Good clarity does not always mean crystal clear. It means the jig can be seen and worked naturally.
Be careful with:
- milky water after strong wind
- sand stirred up close to beaches
- brown runoff after heavy rain
- floating weed that catches the line
- foam lines that hide too much surface movement
When the water is dirty, use more visible colours such as glow, UV, orange, pink, red foil or dark contrast. When the water is clean, natural and baitfish colours become more useful.
Find the weed edge, not just the weed
Squid often sit around weed because weed holds bait and gives cover. But casting straight into thick weed is a good way to lose jigs and waste time.
Better targets:
- the clean edge beside weed
- sand holes inside weed
- reef patches beside weed
- gaps where squid can ambush bait
- deeper water just outside shallow weed
The most productive cast often runs parallel to the edge, not directly through the thickest weed.
Sand holes and broken ground
Broken ground is important because squid can hunt over mixed reef, weed, rubble and sand. The goal is to keep the jig close enough to structure without dragging it through the worst snags.
Look for:
- dark weed patches beside pale sand
- scattered reef on a clean bottom
- a colour change where depth drops
- patchy ground near a pier
- bait flicking over mixed bottom
For a real example, see the annotated structure section in the Rye Pier squid fishing guide.
Deep edges
A deep edge is where the bottom drops from shallow feeding water into deeper holding water. Squid can move along that edge, especially when bait is present.
Signs of an edge:
- water colour turns darker
- waves or current change shape
- weed ends suddenly
- the jig takes longer to touch down
- bait holds along one line
Deep edges often need a size 3.0 or 3.5 jig, or a sink profile that reaches the zone before the line bows too much.

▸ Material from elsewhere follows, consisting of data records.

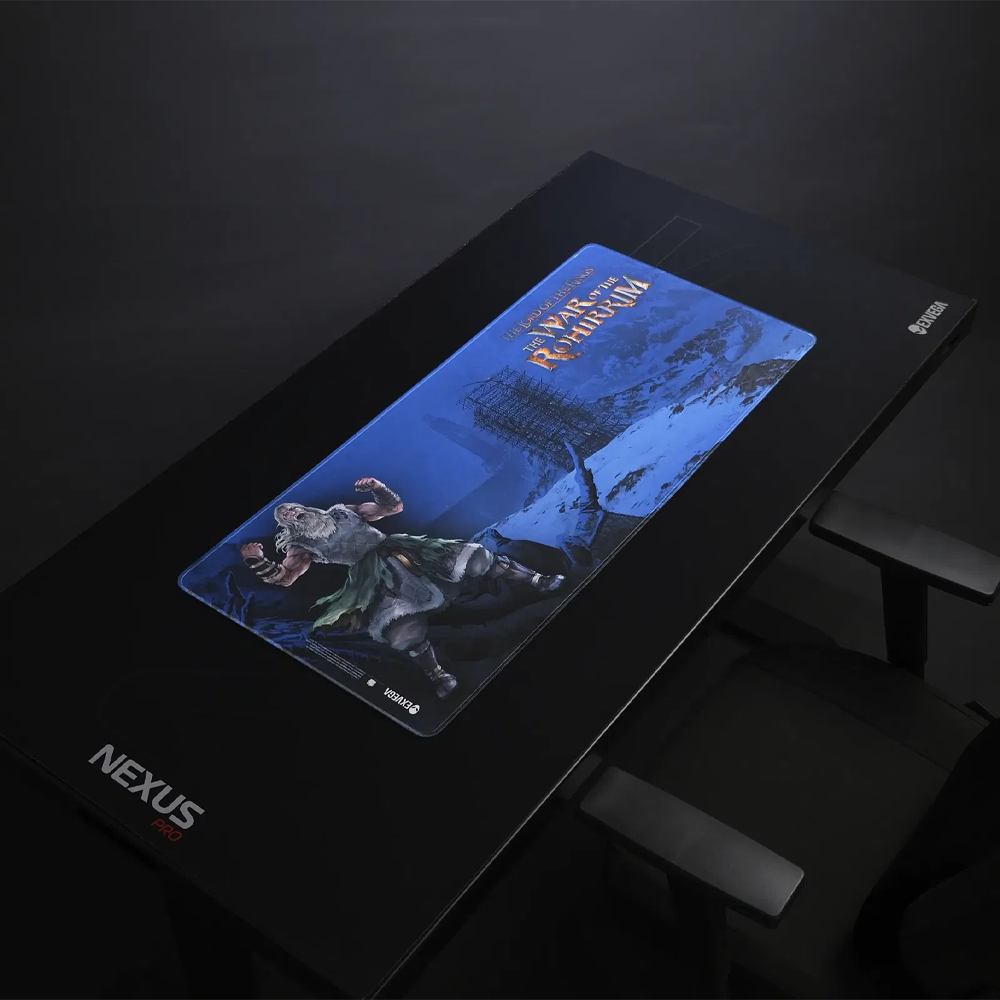 EXVEGA Lord Of The Rings War Of The Rohirrim Helm Hammerhand XXL Mousepad 90×40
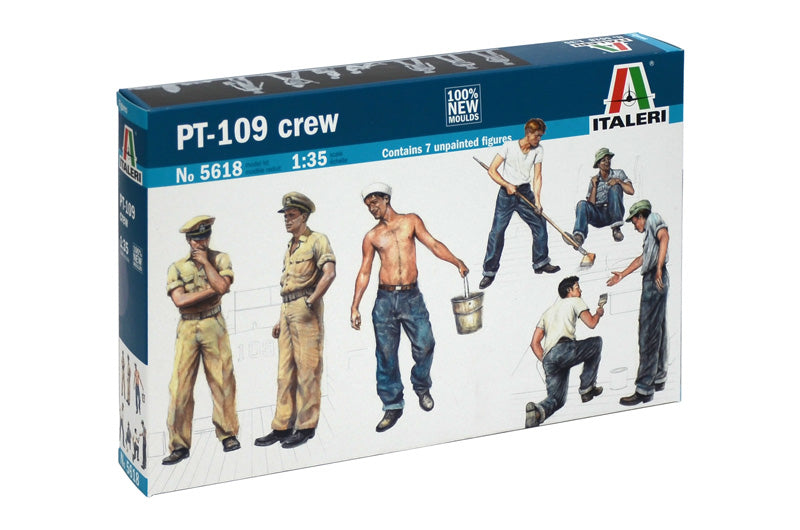 Italeri 1/35 PT109 CREW AND ACCESSORIES 5618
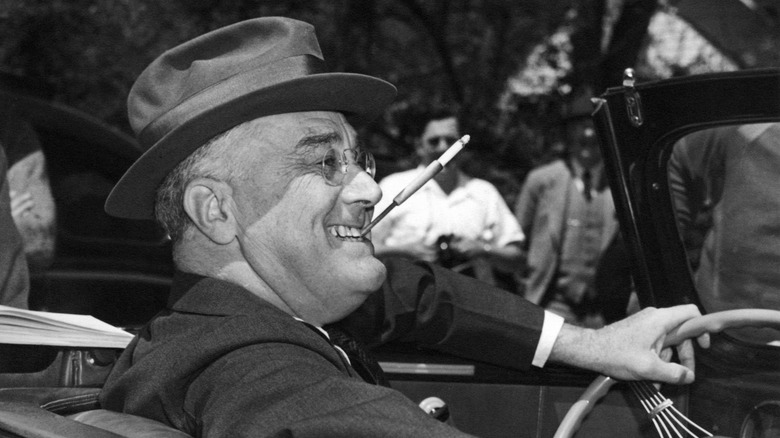 Frankline Delano Roosevelt cigar hat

Current: moving is good, ripping is not
Squid can feed around moving water, but strong current makes eging difficult when it drags the jig out of the zone.

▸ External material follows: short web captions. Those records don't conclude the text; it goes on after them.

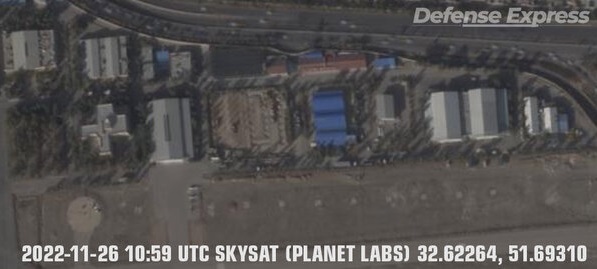 حمله اسرائیل به وزارت دفاع اصفهان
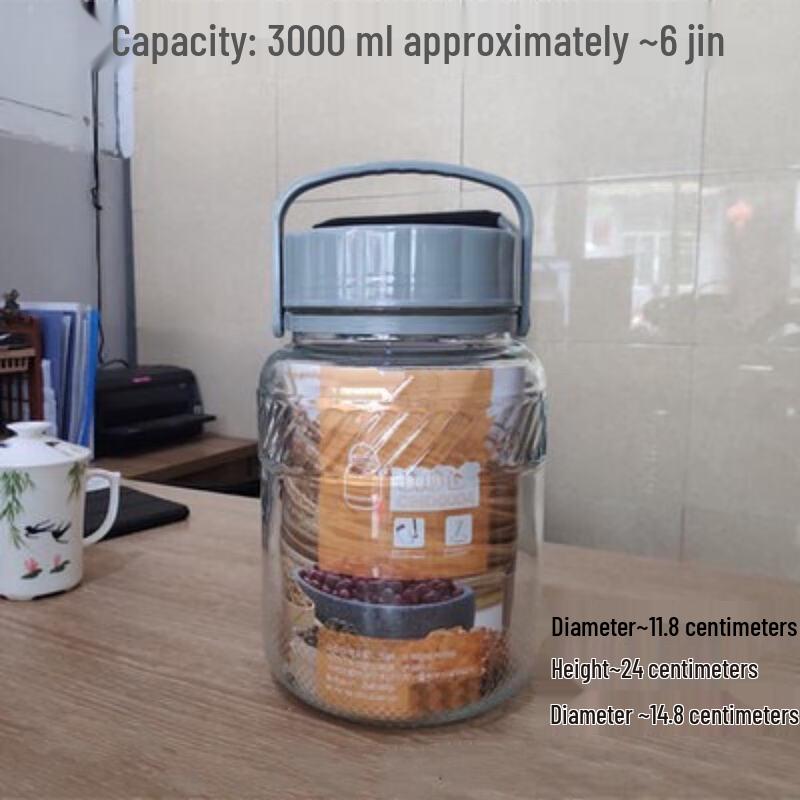 Герметичный контейнер для хранения продуктов Zhishi gray JDST online
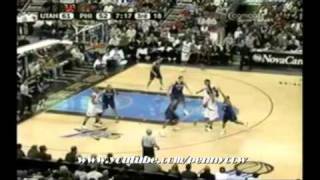 Allen Iverson hits 1059 3 pointers in his NBA career 3pts MIX [upl. by Devehcoy579]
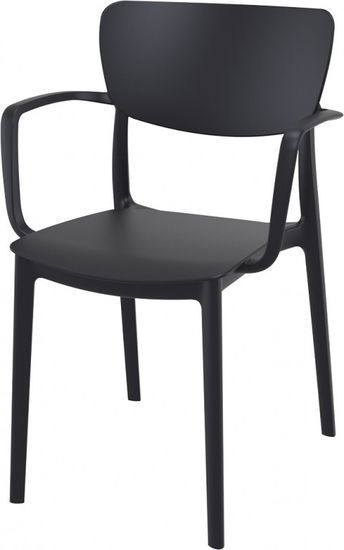 Кресло пластиковое Lisa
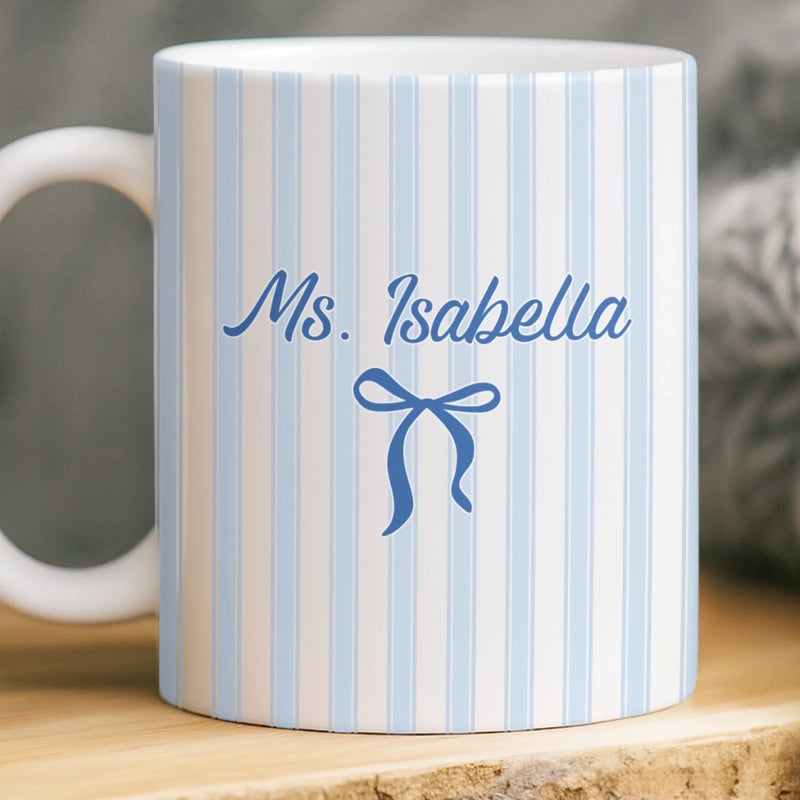 Personalized Mug – Gifts For Teacher – Classroom Queen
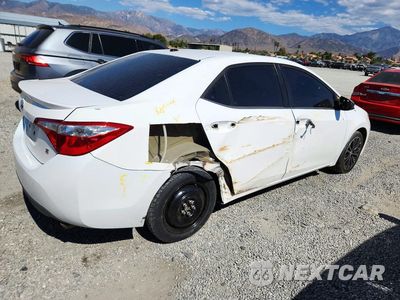 Trzecie zdjęcie samochodu z tyłu: 2015 TOYOTA COROLLA S PREMIUM VIN:5YFBURHE3FP341098 - miniatura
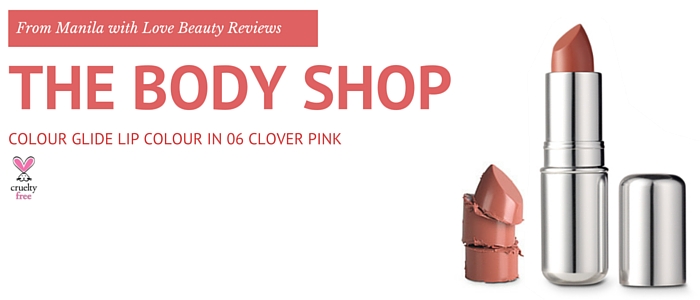 The body shop colour glide lipstick review 1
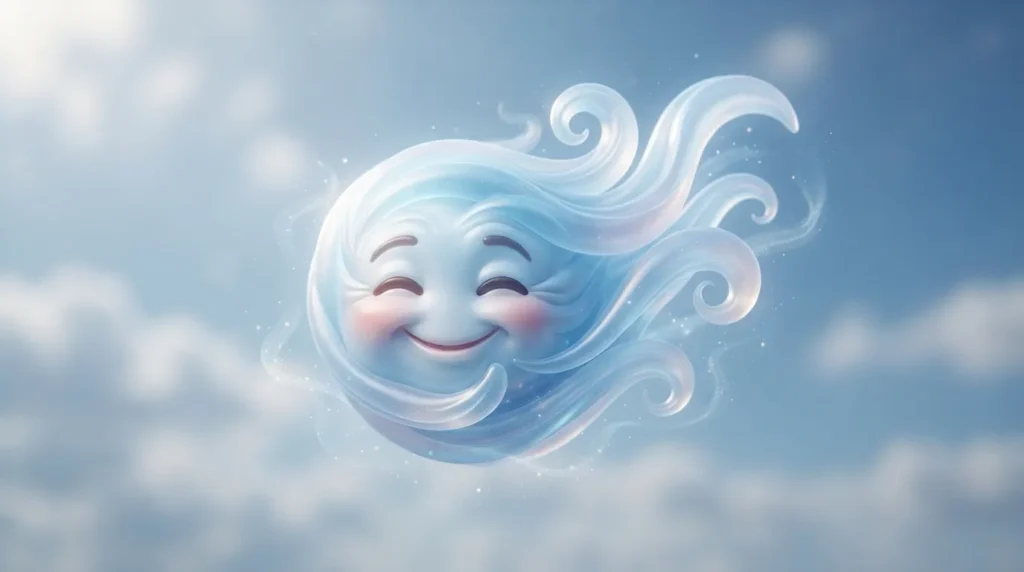 Trending breeze emoji in 2026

A fishable current usually lets you:
- feel the jig sink
- keep a controlled bow in the line
- pause without immediately snagging
- work the jig without it racing sideways
If the current is too strong, change casting angle, increase jig size, use a faster sinking jig or move to a softer side of the structure.
Pier lights at night
Lights can make a land-based squid spot much easier at night.
They create:
- bait concentration
- a visible shadow line
- a clearer casting reference
- a place where squid can hunt from darker water into light
Do not only cast into the brightest patch. Work the edge of the light, the shadow line and the nearby dark water. Squid often sit just outside the obvious bright area.
Pair this with the night squid fishing guide.
Wind direction and water quality
Wind decides whether a spot is clean and fishable. A good squid location can become poor if wind pushes dirty water straight into it or creates too much line belly.
Before leaving home, ask:
- is the wind pushing dirty water into the spot?
- can I cast with or across the wind instead of into it?
- is there a protected side of the pier or bay?
- will the line bow stop the jig from sinking properly?
- do I have a second location with a better angle?
The squid fishing weather guide explains this in more detail.
Bait and life signs
Squid follow food. Even if the bottom looks right, a lifeless area can be slow.
Good signs:
- small baitfish flashing
- garfish or hardyhead around lights
- birds working nearby
- bait schools on the edge of weed
- small follows from squid behind the jig
When you see bait, slow down and cover the water properly before moving.
Pick colour after reading the water
Water reading should choose the colour direction:
| Water reading | Jig colour direction |
|---|---|
| Clear daylight | Natural, baitfish, subtle flash |
| Low light | Pink, orange, glow, white |
| Dirty water | UV, glow, red foil, high contrast |
| Night lights | Glow, white, pink, orange |
| Pressured clear water | Natural, smaller profile, less aggressive |
Use the squid jig colour selector when you want a faster field decision.
Final pre-cast checklist
Before the first cast, check:
- clarity
- weed edge
- sand holes
- broken ground
- depth change
- current strength
- light or shadow line
- wind angle
- bait presence
- safe landing point
If most of those are negative, changing spots may beat changing jig colour five times.
Final answer
Read the water before blaming the jig. Clean water, weed edges, broken ground, bait, manageable current and a useful light or shadow line are stronger signals than any single colour recommendation.